*What the task requires*: In your copy, leave out the pictures and output only the lines from the one holding "Condition photo showing" through the end of the data below, exactly.

*Short descriptive text snippets*:
[Start of section]

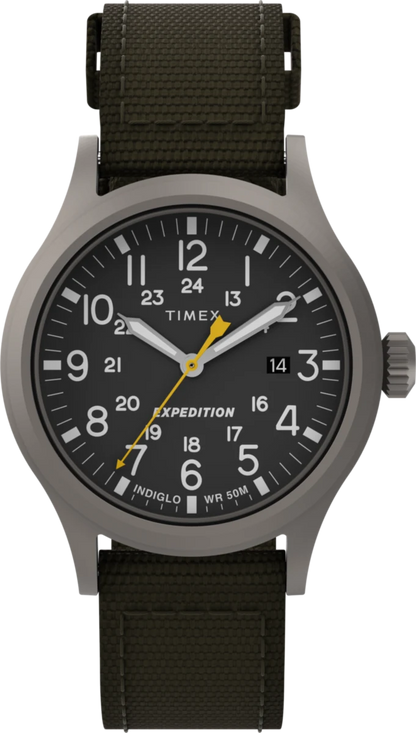 Timex : Expedition Scout noir 40 mm T49961, vue de face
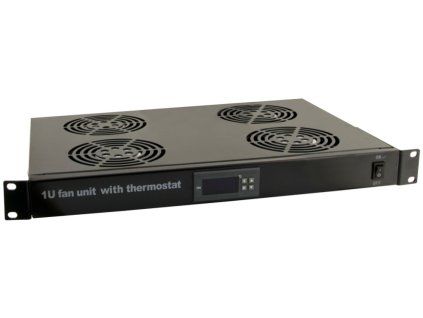 RAWP-1R - 4 ventilátoros panelek termosztáttal RACK 1U - Pulsar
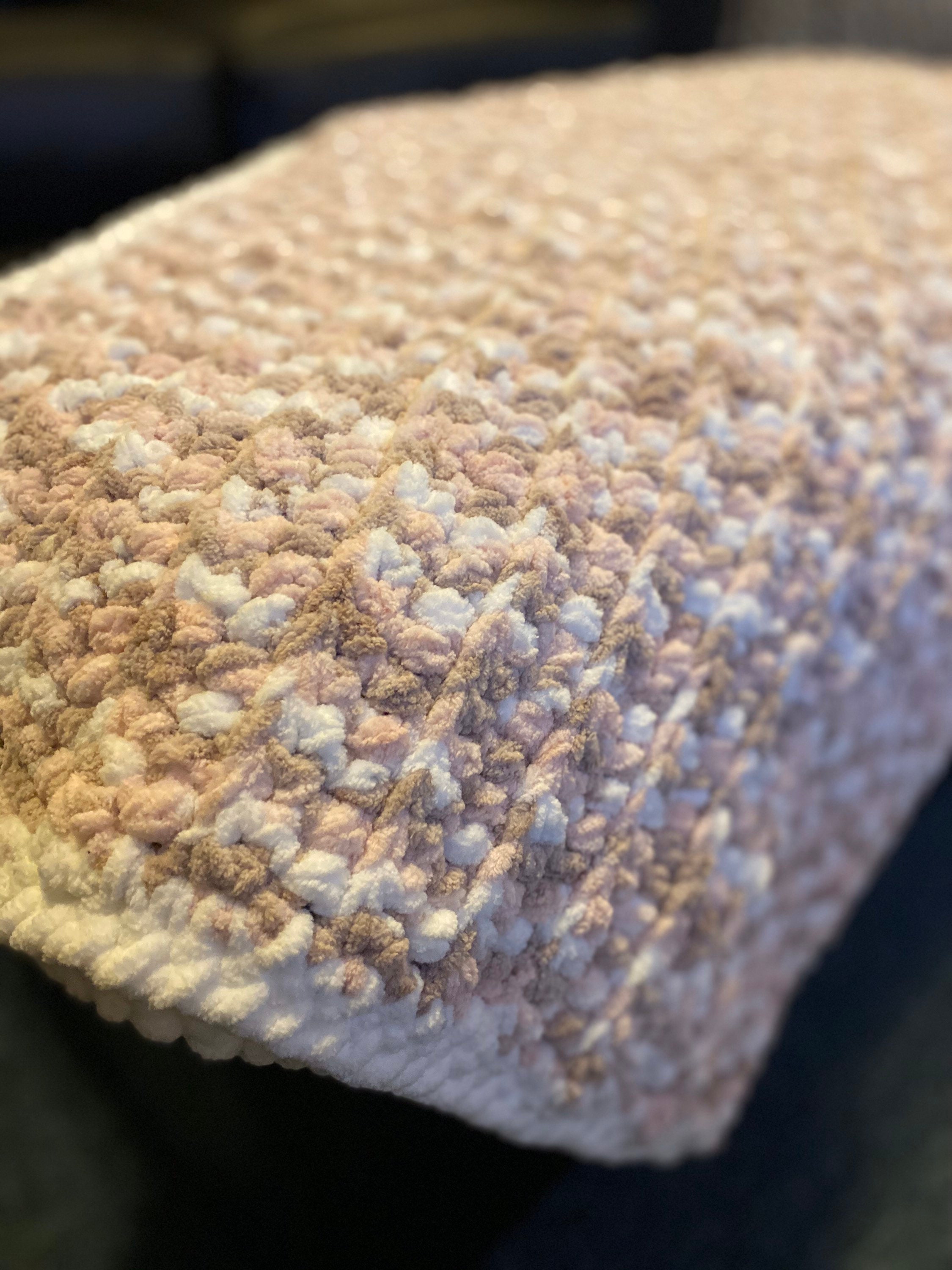 Rose Gold Pink and White Crochet Blanket Crochet Baby Etsy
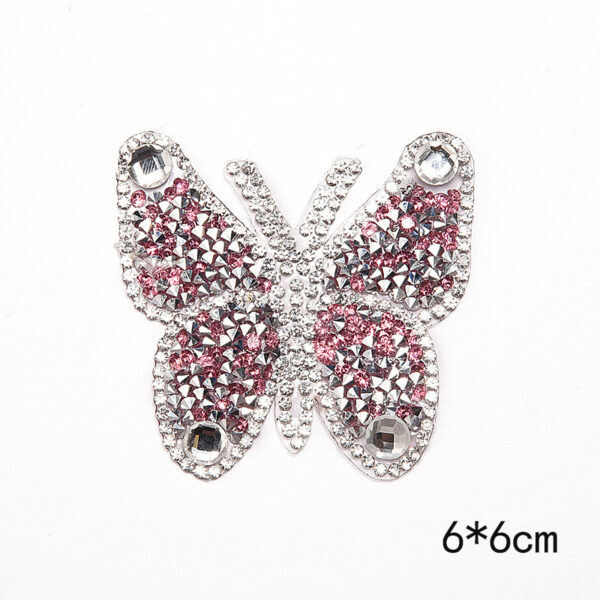 Wholesale Butterfly pattern colorful rhinestone embroidery DIY Patches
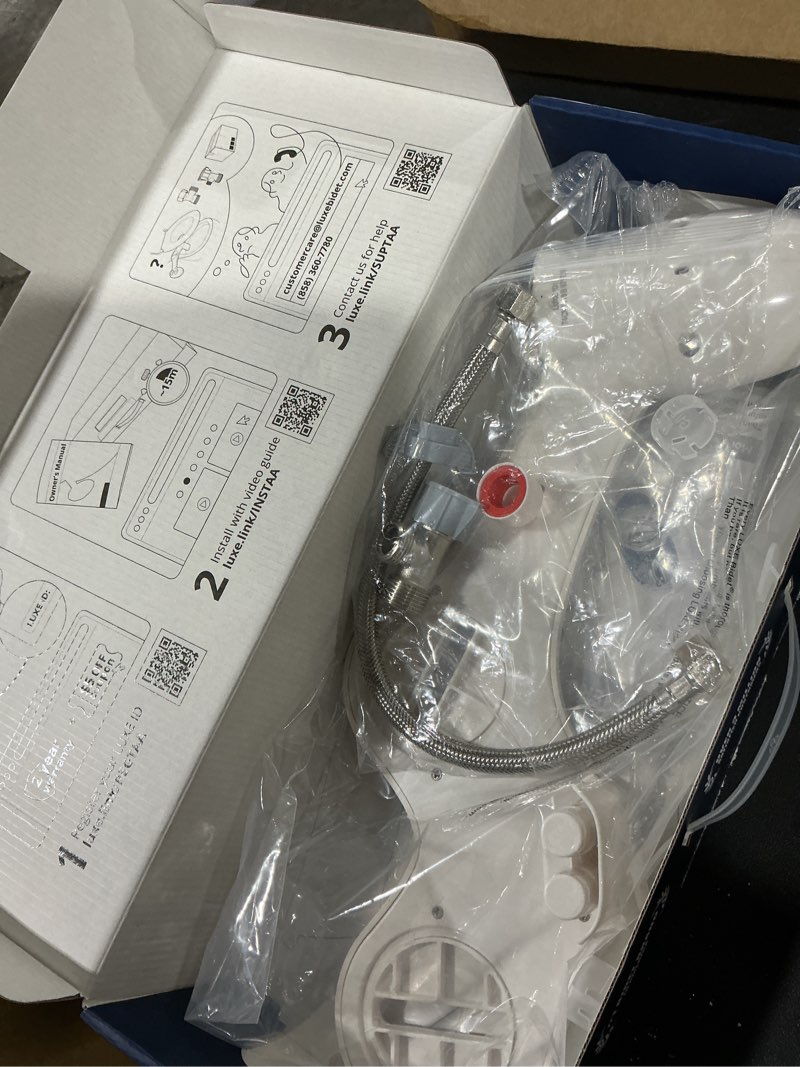 Condition photo showing Good Condition for LUXE Bidet NEO 185 - Dual Nozzle, Self-Cleaning, Non-Electric Bidet Attachment for Toilet Seat, Adjustable Water Pressure, Rear & Feminine Wash (Blue)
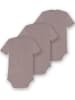 Normani Outdoor Sports 3er Set Baby Merino Body Kurzarm Tauranga in Rosa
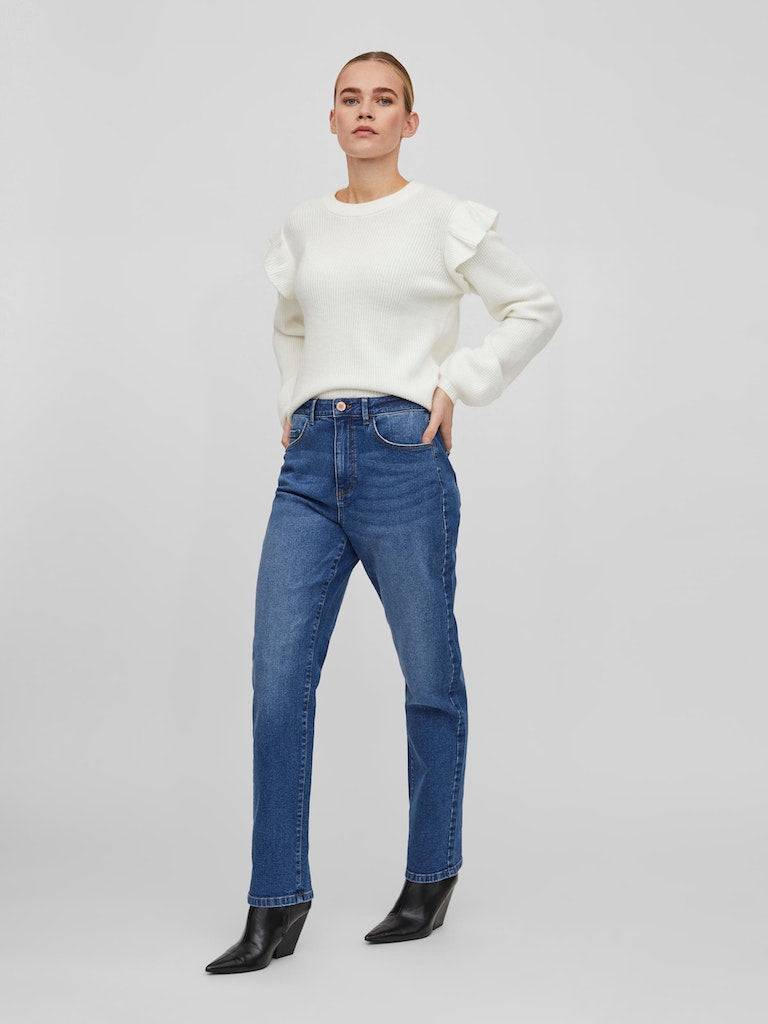 Viagnes Jo Mbd Hw Straight Jeans Noos- koop Jeans van Vila bij Tweemeisjes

[End of section]

*Reply*:
 Condition photo showing Good Condition for LUXE Bidet NEO 185 - Dual Nozzle, Self-Cleaning, Non-Electric Bidet Attachment for Toilet Seat, Adjustable Water Pressure, Rear & Feminine Wash (Blue)
 Normani Outdoor Sports 3er Set Baby Merino Body Kurzarm Tauranga in Rosa
 Viagnes Jo Mbd Hw Straight Jeans Noos- koop Jeans van Vila bij Tweemeisjes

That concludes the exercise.